[ABOUT THIS EXERCISE]
In the entries that follow, the first line to write out is the one containing "отомсти этому недокачку", and the last is the one containing "Ảnh minh họa". Reproduce that stretch exactly, with nothing before or after it.
——
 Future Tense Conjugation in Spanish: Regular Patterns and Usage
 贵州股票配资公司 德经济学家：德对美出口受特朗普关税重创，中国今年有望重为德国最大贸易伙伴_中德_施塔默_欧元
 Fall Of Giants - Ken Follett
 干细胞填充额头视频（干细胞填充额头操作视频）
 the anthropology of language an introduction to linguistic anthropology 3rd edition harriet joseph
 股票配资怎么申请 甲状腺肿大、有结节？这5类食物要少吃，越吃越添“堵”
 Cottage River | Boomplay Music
——
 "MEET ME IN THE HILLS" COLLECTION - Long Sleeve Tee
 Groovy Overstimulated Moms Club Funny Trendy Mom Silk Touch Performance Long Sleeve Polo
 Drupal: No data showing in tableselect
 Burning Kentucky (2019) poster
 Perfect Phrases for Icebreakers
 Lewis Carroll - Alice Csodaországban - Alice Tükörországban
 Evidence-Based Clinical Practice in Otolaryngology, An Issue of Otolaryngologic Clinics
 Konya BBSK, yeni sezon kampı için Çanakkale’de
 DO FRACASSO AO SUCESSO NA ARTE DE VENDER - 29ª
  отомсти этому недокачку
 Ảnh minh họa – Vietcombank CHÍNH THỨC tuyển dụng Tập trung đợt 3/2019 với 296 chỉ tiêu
——
[ANSWER]
  отомсти этому недокачку
 Ảnh minh họa – Vietcombank CHÍNH THỨC tuyển dụng Tập trung đợt 3/2019 với 296 chỉ tiêu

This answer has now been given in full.